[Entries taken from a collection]
--------------------------------------------------
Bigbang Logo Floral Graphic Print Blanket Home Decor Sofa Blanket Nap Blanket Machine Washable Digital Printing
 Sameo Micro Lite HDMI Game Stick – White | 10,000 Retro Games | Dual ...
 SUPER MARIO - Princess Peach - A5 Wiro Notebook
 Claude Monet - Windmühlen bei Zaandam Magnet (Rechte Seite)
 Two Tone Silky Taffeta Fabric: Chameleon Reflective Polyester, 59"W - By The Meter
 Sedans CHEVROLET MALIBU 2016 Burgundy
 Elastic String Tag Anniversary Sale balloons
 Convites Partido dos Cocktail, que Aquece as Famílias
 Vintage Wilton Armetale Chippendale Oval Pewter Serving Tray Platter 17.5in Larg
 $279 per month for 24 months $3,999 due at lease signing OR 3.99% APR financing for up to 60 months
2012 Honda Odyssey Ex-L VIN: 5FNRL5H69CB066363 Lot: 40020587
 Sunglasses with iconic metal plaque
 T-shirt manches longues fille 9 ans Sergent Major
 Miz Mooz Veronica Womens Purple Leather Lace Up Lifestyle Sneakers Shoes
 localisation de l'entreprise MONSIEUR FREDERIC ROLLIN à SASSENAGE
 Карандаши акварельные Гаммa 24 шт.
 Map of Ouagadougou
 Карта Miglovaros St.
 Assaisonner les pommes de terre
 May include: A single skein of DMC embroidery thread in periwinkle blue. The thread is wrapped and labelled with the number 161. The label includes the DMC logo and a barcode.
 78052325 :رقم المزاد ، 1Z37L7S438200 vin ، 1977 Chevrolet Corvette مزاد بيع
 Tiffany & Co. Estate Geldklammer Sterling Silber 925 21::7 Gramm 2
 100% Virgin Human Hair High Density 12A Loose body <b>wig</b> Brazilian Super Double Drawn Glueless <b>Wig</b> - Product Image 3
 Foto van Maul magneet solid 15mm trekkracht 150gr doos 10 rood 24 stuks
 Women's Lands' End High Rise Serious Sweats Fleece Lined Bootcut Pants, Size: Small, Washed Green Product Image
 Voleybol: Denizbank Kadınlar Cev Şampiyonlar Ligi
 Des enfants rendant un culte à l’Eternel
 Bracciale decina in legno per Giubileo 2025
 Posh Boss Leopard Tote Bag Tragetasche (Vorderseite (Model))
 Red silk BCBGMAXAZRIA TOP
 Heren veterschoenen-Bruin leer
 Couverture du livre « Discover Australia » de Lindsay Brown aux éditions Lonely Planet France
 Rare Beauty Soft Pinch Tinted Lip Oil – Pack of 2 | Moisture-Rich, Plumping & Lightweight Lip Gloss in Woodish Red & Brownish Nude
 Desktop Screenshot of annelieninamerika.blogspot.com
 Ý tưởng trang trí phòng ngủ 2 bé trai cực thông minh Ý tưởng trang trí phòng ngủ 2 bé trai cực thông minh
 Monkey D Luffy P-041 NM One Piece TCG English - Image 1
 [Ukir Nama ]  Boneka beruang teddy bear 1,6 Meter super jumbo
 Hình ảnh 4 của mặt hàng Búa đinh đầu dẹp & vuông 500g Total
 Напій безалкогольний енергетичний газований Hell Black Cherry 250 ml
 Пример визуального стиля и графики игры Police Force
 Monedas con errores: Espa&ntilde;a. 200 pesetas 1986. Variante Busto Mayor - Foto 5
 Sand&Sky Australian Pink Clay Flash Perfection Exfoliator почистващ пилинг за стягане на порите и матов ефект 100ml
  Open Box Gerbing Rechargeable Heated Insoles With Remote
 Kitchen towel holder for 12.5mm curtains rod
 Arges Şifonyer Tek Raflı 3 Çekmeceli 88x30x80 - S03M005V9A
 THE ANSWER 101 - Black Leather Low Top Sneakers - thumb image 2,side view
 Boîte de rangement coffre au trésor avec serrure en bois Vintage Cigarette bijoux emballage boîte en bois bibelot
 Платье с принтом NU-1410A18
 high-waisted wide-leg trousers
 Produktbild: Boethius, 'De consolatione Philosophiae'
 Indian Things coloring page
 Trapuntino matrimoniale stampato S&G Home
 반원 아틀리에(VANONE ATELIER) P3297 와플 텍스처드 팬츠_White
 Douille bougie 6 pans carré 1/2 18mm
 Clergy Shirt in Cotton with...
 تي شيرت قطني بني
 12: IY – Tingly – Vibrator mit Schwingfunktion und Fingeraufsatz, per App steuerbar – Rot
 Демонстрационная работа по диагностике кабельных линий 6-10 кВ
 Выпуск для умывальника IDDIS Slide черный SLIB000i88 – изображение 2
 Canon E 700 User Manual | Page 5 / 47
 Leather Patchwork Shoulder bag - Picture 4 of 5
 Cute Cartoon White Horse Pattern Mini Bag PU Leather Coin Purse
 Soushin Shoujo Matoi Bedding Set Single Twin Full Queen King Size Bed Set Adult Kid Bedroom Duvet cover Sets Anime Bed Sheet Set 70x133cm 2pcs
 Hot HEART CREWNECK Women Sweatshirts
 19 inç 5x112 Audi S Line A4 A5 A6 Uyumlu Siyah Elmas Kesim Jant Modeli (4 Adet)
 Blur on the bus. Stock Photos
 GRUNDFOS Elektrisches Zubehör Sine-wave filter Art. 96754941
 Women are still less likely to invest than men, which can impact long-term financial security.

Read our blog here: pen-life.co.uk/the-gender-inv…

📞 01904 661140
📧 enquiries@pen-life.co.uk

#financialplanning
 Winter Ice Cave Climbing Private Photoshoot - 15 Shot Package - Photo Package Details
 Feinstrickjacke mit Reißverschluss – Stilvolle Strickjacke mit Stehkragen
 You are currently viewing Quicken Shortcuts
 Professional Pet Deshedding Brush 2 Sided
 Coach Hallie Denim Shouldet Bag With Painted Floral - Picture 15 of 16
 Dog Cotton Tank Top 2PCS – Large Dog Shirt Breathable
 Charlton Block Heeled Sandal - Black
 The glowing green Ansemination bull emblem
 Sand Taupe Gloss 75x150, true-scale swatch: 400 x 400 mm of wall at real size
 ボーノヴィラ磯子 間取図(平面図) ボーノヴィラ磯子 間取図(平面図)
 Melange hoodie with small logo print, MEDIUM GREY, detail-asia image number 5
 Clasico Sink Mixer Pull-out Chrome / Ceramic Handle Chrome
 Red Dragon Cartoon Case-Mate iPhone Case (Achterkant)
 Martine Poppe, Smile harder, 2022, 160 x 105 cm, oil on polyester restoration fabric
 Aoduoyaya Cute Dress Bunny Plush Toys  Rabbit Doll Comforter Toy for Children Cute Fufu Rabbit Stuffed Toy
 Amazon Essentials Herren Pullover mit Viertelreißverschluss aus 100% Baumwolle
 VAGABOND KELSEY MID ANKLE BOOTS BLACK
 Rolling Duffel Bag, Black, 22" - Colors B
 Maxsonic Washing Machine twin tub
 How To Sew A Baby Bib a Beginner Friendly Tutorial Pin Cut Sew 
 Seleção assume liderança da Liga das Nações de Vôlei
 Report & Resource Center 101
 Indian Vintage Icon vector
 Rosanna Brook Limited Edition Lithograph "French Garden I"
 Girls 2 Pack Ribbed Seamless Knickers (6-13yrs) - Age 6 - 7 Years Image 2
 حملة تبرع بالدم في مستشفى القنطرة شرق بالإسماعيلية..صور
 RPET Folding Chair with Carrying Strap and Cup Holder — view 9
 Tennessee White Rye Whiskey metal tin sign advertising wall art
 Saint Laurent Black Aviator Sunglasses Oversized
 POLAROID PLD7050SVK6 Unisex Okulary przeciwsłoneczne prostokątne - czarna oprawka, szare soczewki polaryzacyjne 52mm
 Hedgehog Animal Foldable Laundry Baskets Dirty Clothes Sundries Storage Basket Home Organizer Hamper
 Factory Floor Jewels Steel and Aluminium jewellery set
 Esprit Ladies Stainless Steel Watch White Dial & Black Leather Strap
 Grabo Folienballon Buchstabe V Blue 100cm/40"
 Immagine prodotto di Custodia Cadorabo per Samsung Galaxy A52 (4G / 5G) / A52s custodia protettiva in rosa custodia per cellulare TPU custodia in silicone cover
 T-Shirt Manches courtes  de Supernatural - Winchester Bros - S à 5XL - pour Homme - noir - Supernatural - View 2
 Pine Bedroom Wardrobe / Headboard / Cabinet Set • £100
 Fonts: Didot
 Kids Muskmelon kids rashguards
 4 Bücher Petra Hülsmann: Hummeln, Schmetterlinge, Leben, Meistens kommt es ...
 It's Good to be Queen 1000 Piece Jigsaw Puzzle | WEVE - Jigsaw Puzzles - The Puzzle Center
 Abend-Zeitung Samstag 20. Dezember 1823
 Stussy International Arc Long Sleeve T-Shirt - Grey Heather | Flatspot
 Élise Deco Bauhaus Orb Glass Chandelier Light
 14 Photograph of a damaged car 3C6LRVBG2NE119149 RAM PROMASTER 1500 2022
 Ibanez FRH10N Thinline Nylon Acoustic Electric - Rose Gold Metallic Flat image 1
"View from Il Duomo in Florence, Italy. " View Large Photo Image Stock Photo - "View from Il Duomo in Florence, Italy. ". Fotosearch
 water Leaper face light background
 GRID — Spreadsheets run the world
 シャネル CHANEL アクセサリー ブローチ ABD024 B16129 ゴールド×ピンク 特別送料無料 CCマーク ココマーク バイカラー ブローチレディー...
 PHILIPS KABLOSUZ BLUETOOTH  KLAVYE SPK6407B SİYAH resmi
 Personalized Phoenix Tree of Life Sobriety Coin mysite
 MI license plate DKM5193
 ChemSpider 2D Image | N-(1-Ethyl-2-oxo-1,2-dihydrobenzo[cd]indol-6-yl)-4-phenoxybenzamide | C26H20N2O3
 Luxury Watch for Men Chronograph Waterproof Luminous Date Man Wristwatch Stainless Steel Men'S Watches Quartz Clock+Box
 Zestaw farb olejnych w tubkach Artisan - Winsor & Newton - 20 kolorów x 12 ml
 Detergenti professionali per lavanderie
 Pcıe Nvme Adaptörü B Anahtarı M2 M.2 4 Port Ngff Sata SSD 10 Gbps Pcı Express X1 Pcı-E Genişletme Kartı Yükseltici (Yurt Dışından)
--------------------------------------------------
DIRECTIONS » Going back over the entries above, copy word for word every line from the one that has "Kids Muskmelon kids rashguards" on through the one that has "MI license plate DKM5193".

WRITTEN REPLY »
 Kids Muskmelon kids rashguards
 4 Bücher Petra Hülsmann: Hummeln, Schmetterlinge, Leben, Meistens kommt es ...
 It's Good to be Queen 1000 Piece Jigsaw Puzzle | WEVE - Jigsaw Puzzles - The Puzzle Center
 Abend-Zeitung Samstag 20. Dezember 1823
 Stussy International Arc Long Sleeve T-Shirt - Grey Heather | Flatspot
 Élise Deco Bauhaus Orb Glass Chandelier Light
 14 Photograph of a damaged car 3C6LRVBG2NE119149 RAM PROMASTER 1500 2022
 Ibanez FRH10N Thinline Nylon Acoustic Electric - Rose Gold Metallic Flat image 1
"View from Il Duomo in Florence, Italy. " View Large Photo Image Stock Photo - "View from Il Duomo in Florence, Italy. ". Fotosearch
 water Leaper face light background
 GRID — Spreadsheets run the world
 シャネル CHANEL アクセサリー ブローチ ABD024 B16129 ゴールド×ピンク 特別送料無料 CCマーク ココマーク バイカラー ブローチレディー...
 PHILIPS KABLOSUZ BLUETOOTH  KLAVYE SPK6407B SİYAH resmi
 Personalized Phoenix Tree of Life Sobriety Coin mysite
 MI license plate DKM5193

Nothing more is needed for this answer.